Blue Cross Of Texas Dropping Individual PPO Plan

Oct. 16--ABILENE, Texas -- Blue Cross and Blue Shield of Texas' individual PPO insurance plan is going away, affecting 1,149 customers in the Taylor County-Abilene area.

The company is dropping its Blue Choice PPO plan, a decision affecting more than 300,000 people statewide. The company has more than 5 million members statewide.

The insurance provider said the plan, the only individual preferred provider organization plan offered in Texas to individuals in 2014 and 2015, was deeply affected by the Affordable Care Act and had become unsustainable.

"In the individual marketplace plan, there was an over $400 million loss last year," said Dr. Dan McCoy, senior vice president and chief medical officer for Blue Cross Blue Shield of Texas.

Choosing to drop the individual PPO plan was a "difficult decision," McCoy said.

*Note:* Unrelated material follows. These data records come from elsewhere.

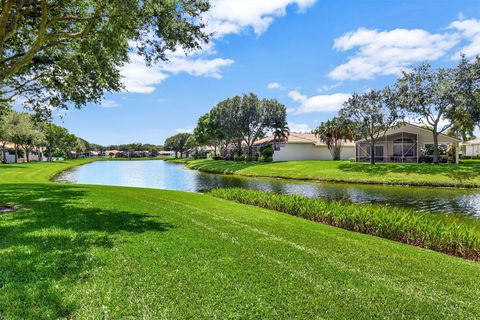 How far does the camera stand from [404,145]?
47.5 m

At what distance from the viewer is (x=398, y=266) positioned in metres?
6.75

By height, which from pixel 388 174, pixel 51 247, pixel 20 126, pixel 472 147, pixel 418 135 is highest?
pixel 20 126

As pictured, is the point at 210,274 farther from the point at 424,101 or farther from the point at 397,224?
the point at 424,101

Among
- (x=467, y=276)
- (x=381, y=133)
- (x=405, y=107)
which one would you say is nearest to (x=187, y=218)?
(x=467, y=276)

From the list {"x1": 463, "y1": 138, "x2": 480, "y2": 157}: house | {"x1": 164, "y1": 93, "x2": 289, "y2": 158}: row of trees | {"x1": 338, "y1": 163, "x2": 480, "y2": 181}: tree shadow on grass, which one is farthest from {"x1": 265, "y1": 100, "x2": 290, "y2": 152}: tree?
{"x1": 463, "y1": 138, "x2": 480, "y2": 157}: house

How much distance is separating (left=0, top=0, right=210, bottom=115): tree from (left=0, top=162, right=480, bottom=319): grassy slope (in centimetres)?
537

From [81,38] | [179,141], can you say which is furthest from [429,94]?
[179,141]

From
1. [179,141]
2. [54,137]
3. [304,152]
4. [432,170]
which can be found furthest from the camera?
[179,141]

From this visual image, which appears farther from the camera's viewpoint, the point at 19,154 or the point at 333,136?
the point at 19,154

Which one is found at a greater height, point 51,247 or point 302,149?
point 302,149

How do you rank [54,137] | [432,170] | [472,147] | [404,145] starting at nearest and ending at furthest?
1. [432,170]
2. [404,145]
3. [472,147]
4. [54,137]

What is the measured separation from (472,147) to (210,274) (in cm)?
7938

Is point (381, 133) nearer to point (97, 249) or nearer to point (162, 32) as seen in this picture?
point (162, 32)

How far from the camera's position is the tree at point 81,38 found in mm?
9117
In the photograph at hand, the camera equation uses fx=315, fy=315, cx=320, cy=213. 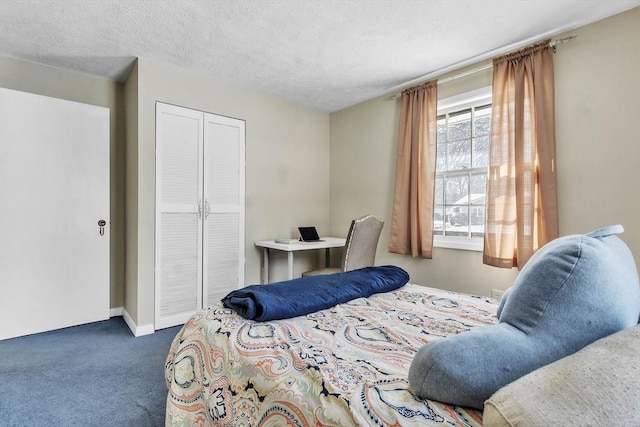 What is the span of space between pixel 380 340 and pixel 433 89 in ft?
8.89

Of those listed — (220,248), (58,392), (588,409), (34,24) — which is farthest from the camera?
(220,248)

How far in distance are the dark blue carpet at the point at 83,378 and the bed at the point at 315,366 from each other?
0.65 m

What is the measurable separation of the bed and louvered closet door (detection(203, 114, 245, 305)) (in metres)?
1.86

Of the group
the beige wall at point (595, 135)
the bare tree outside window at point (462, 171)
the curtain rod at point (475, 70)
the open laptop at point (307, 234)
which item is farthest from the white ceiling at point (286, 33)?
the open laptop at point (307, 234)

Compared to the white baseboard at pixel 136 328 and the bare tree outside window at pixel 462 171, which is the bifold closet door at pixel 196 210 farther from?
the bare tree outside window at pixel 462 171

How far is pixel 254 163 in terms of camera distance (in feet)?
11.9

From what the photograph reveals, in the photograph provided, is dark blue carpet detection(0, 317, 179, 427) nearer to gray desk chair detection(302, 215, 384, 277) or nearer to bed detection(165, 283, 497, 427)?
bed detection(165, 283, 497, 427)

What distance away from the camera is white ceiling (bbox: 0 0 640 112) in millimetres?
2090

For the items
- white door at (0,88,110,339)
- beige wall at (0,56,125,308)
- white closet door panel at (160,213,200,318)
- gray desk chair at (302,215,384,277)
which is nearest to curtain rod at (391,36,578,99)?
gray desk chair at (302,215,384,277)

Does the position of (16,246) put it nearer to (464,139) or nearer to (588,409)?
(588,409)

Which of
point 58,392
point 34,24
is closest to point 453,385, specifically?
point 58,392

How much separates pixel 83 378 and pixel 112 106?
2625 mm

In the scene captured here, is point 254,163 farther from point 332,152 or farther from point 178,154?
point 332,152

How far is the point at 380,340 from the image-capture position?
121 cm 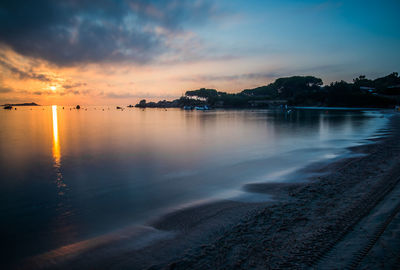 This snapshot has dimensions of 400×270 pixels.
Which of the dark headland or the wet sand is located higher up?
the dark headland

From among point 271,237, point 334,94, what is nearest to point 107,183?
point 271,237

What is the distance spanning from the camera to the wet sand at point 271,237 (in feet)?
12.8

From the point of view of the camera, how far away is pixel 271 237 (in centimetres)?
464

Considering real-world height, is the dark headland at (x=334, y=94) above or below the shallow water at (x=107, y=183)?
above

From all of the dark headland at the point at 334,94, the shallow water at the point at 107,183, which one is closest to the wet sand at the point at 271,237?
the shallow water at the point at 107,183

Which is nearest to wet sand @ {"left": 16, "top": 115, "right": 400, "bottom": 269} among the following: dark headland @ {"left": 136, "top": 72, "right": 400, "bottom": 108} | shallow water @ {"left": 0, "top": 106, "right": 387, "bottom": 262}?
shallow water @ {"left": 0, "top": 106, "right": 387, "bottom": 262}

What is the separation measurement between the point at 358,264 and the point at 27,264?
601cm

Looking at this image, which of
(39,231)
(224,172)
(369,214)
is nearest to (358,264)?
(369,214)

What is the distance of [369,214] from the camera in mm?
5191

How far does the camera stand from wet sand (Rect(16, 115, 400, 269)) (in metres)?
3.89

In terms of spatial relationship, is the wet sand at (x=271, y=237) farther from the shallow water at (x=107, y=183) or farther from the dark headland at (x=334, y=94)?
the dark headland at (x=334, y=94)

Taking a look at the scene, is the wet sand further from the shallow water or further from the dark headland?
the dark headland

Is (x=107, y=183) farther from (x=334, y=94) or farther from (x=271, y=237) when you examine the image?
(x=334, y=94)

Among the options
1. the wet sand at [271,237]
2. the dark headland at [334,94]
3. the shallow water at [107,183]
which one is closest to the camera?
the wet sand at [271,237] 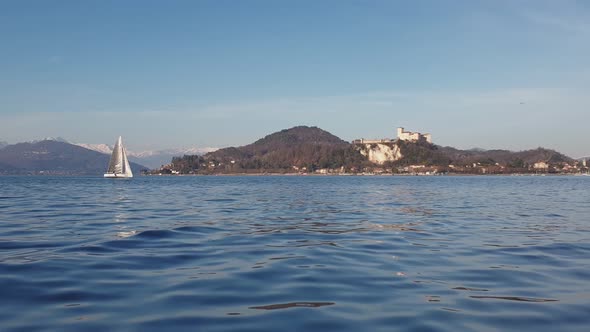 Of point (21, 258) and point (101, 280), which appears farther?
point (21, 258)

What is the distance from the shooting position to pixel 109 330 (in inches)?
274

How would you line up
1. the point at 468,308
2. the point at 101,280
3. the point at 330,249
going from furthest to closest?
the point at 330,249 < the point at 101,280 < the point at 468,308

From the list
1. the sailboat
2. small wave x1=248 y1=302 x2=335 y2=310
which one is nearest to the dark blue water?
small wave x1=248 y1=302 x2=335 y2=310

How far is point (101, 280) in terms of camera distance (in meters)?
10.0

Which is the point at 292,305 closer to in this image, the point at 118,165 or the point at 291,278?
the point at 291,278

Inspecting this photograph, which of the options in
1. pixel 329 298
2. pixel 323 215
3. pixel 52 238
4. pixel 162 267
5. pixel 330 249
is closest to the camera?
pixel 329 298

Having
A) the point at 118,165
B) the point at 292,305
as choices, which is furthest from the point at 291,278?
the point at 118,165

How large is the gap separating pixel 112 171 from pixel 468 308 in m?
142

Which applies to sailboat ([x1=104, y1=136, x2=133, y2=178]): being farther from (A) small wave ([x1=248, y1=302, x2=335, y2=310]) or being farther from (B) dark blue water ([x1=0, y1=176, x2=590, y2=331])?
(A) small wave ([x1=248, y1=302, x2=335, y2=310])

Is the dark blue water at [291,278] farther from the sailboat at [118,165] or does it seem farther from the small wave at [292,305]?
the sailboat at [118,165]

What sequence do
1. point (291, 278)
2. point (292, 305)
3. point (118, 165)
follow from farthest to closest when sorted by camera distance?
point (118, 165), point (291, 278), point (292, 305)

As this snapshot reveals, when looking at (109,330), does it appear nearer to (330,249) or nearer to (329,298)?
(329,298)

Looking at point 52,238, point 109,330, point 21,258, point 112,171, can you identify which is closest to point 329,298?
point 109,330

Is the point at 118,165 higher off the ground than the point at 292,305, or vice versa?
the point at 118,165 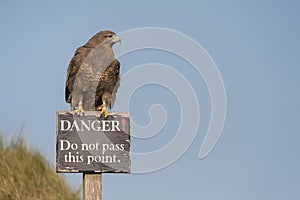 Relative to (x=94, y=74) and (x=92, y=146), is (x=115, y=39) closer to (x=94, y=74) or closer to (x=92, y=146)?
(x=94, y=74)

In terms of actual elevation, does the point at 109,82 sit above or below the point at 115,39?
below

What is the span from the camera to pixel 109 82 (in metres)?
8.88

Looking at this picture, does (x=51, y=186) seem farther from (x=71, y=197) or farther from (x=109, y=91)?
(x=109, y=91)

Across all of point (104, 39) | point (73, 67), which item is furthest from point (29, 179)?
point (104, 39)

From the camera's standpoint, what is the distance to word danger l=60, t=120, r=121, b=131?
7258 millimetres

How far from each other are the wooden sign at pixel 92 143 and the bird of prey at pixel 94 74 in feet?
4.34

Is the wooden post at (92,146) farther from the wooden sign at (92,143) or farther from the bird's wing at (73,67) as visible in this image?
the bird's wing at (73,67)

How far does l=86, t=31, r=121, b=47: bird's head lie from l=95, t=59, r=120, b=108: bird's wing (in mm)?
299

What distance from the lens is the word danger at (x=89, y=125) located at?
23.8 feet

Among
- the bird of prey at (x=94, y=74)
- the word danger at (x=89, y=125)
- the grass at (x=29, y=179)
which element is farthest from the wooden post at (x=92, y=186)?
the grass at (x=29, y=179)

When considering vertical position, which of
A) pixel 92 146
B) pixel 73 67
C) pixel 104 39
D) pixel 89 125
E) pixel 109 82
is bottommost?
pixel 92 146

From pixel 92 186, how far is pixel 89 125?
24.5 inches

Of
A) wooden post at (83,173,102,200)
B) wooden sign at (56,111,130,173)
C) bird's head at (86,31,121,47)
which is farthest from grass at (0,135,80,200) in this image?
wooden sign at (56,111,130,173)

"We knew that members would have to make a decision about their future health care coverage," he said.

"The window shopping begins next week on the marketplace and people will be able to go on and look for their options," McCoy said. "We're going to continue to offer the HMO product, and that is available. So members will be transitioned to other plans that we intend to offer in 2016, so they really should not experience a gap in coverage."

Those with employer group PPO plans will not be affected by the change, McCoy said. Others with a grandfathered PPO plan -- plans that existed on March 23, 2010, when the Affordable Care Act became law -- similarly are unaffected, according to the company's website.

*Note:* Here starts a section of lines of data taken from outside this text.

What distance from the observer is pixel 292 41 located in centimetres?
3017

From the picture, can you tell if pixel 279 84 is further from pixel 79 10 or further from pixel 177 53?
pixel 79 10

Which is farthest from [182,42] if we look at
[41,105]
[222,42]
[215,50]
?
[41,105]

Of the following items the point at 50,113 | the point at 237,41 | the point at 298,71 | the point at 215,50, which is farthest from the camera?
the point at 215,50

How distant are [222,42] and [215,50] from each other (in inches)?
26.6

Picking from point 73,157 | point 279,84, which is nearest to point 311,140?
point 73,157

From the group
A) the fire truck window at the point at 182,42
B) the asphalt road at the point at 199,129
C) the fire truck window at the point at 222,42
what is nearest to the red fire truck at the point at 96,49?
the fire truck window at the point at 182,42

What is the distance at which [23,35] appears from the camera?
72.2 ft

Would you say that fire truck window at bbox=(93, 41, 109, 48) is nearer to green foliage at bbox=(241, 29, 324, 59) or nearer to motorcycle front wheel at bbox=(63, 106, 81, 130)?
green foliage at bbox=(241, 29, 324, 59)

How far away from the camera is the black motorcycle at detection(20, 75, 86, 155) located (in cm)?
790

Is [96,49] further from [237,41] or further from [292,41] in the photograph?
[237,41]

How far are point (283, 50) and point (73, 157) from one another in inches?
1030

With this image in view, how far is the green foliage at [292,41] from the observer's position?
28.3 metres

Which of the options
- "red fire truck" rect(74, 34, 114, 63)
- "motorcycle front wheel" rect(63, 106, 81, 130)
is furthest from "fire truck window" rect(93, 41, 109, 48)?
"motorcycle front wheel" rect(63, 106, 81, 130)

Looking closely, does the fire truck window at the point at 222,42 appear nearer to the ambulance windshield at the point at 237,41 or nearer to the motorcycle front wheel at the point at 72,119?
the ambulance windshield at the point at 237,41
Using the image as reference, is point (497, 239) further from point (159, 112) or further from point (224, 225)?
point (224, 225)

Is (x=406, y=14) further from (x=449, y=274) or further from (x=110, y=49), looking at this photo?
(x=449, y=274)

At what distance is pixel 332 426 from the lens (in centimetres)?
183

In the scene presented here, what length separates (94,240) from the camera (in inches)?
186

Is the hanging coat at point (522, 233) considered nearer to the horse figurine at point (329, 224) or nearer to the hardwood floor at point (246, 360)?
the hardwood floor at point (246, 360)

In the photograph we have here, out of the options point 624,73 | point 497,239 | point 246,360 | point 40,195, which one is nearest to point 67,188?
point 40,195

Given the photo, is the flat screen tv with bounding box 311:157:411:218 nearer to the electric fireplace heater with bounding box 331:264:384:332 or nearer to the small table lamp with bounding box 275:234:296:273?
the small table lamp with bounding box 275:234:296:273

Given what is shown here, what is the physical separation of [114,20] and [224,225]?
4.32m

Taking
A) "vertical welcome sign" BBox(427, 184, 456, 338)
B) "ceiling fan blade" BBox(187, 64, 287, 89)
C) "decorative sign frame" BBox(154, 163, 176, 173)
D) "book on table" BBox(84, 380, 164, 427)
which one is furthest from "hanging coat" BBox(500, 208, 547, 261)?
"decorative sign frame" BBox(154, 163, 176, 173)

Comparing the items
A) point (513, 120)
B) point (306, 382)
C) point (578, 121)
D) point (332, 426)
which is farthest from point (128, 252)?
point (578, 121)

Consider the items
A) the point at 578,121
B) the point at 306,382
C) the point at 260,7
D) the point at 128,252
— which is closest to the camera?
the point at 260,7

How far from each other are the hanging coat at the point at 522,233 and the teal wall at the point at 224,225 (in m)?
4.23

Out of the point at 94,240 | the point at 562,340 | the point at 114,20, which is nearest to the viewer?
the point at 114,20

"So the PPO network did not go away, the only thing that was discontinued was the individual PPO plan that was on the (insurance) marketplace," McCoy said.

The company has two provider networks for individual plans: Blue Choice PPO and Blue Advantage, an HMO.

Certain providers are only in the Blue Choice network, and some have decided to not join the Blue Advantage network in 2016.

With individual PPO plans going away, that means those providers will no longer be an in-network option for most individual members.

Abilene Regional Medical Center is in the company's Blue Advantage network, McCoy said.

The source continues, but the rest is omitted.